== Source data ==
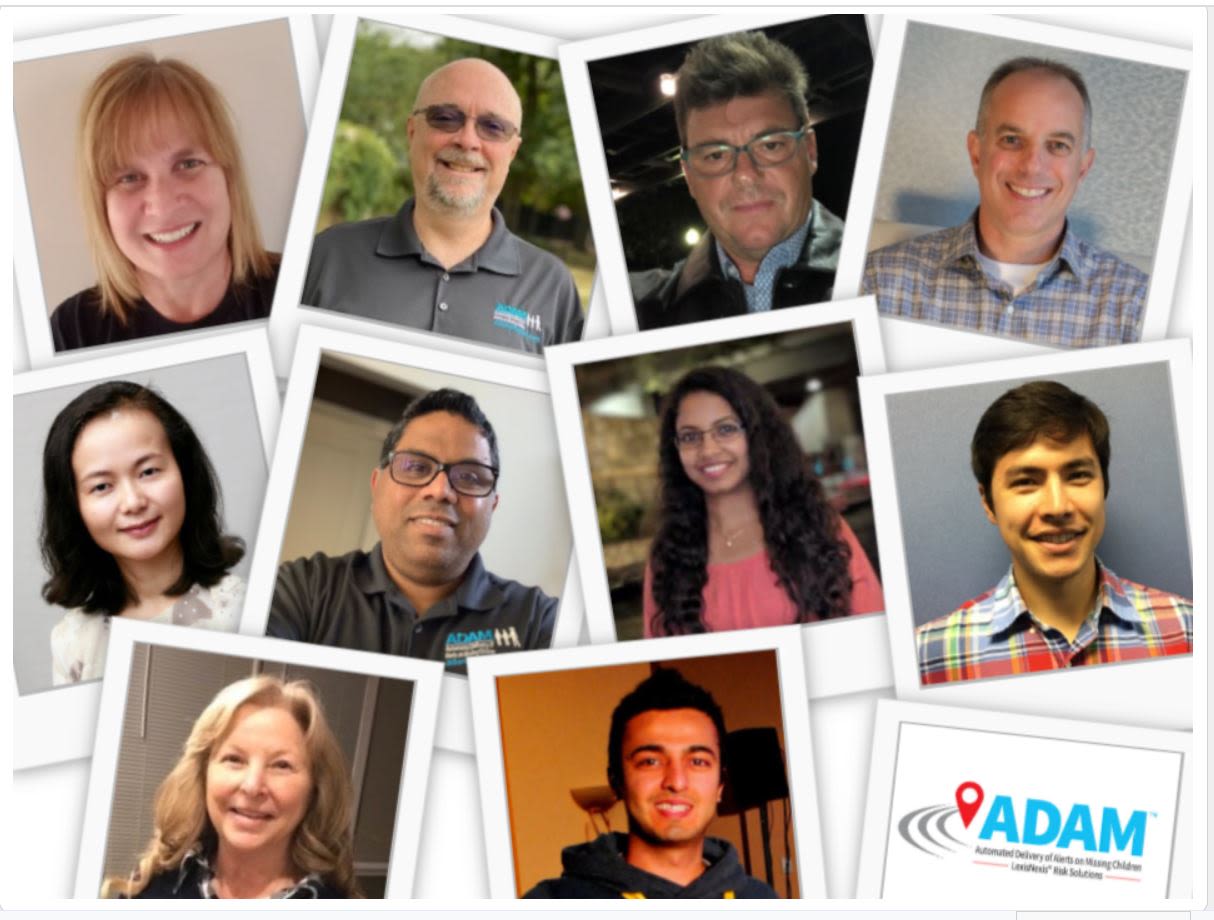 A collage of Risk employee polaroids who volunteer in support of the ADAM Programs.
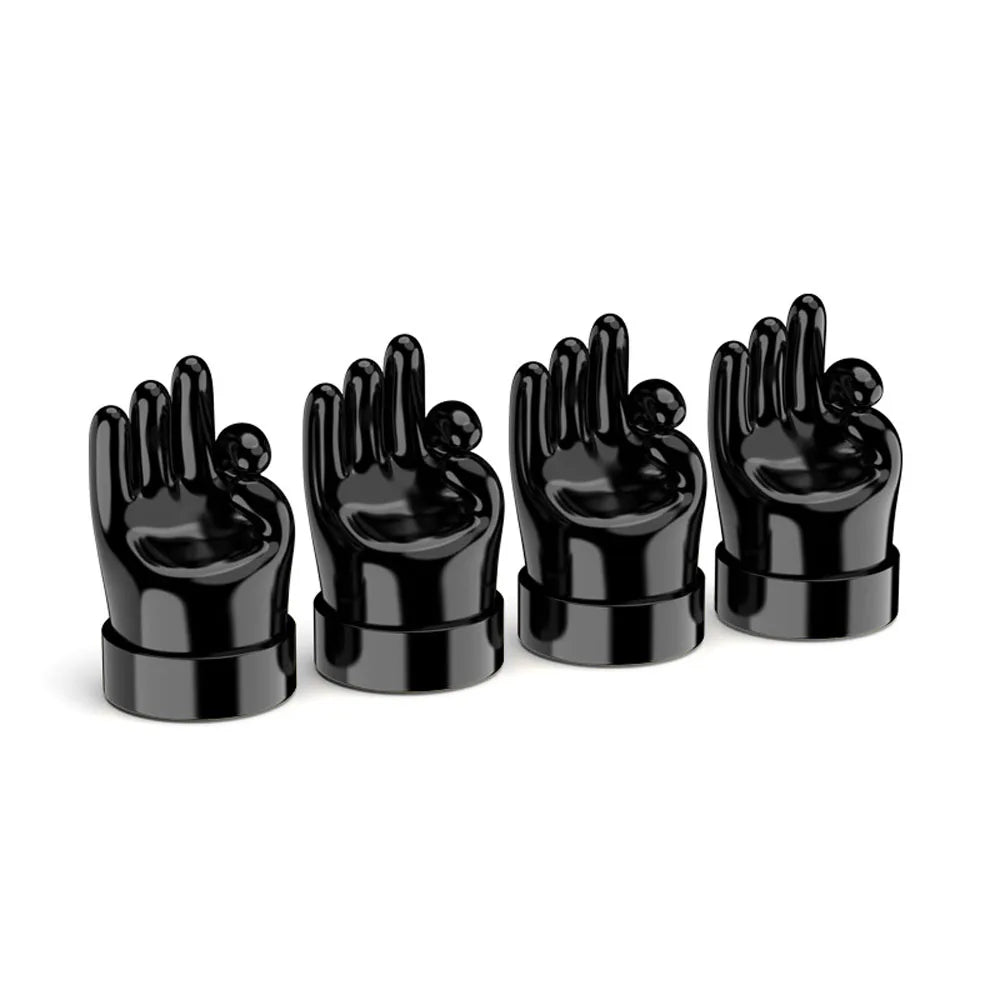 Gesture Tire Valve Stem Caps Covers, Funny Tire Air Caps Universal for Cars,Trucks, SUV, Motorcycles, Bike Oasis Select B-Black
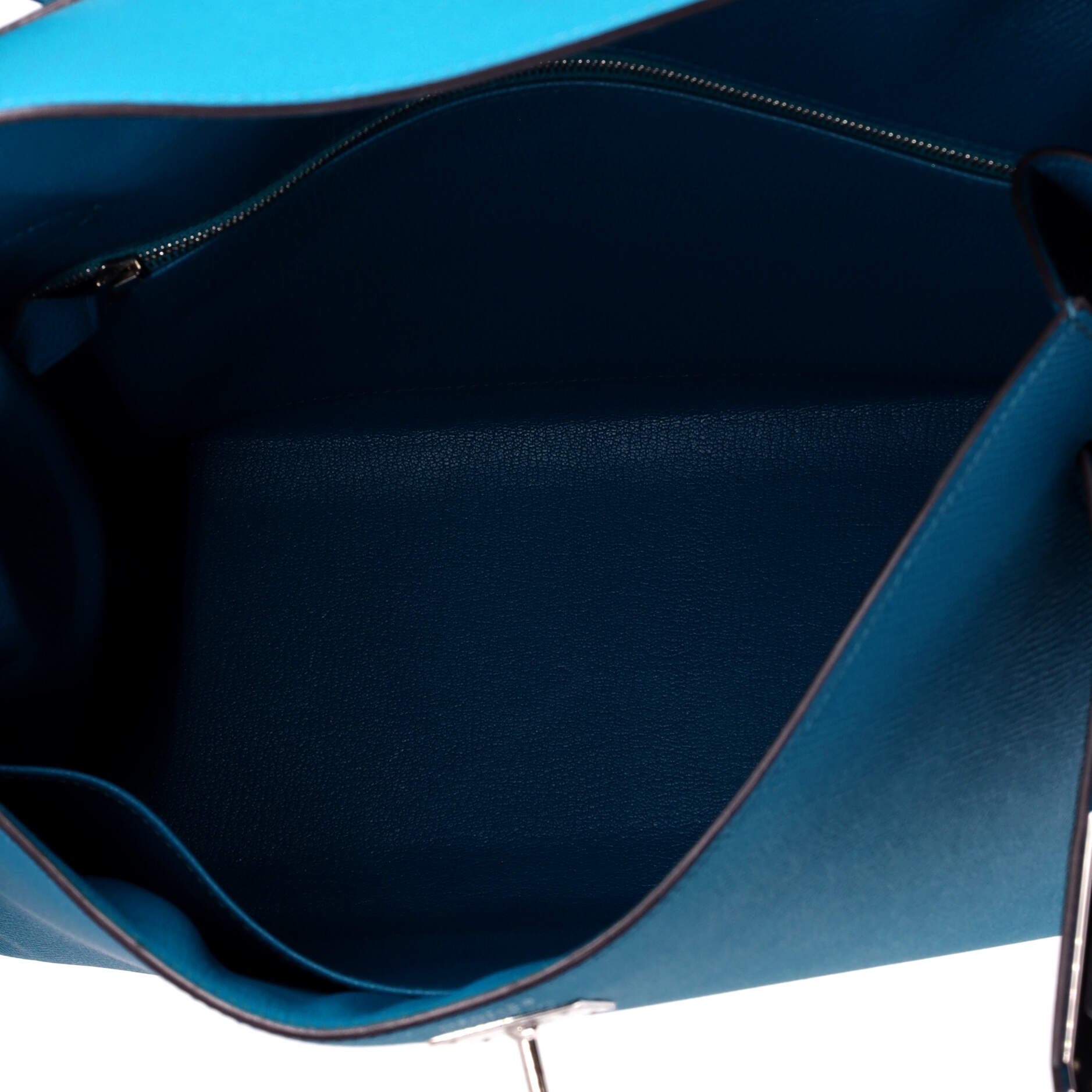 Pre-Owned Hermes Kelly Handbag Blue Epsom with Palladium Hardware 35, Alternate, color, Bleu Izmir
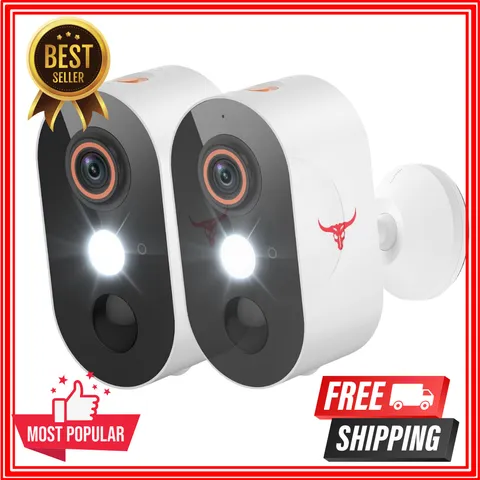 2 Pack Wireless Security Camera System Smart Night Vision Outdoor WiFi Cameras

== Directions for this task ==
Copy the listing word for word, excluding its pictures.

== Answer section ==
 A collage of Risk employee polaroids who volunteer in support of the ADAM Programs.
 Gesture Tire Valve Stem Caps Covers, Funny Tire Air Caps Universal for Cars,Trucks, SUV, Motorcycles, Bike Oasis Select B-Black
 Pre-Owned Hermes Kelly Handbag Blue Epsom with Palladium Hardware 35, Alternate, color, Bleu Izmir
 2 Pack Wireless Security Camera System Smart Night Vision Outdoor WiFi Cameras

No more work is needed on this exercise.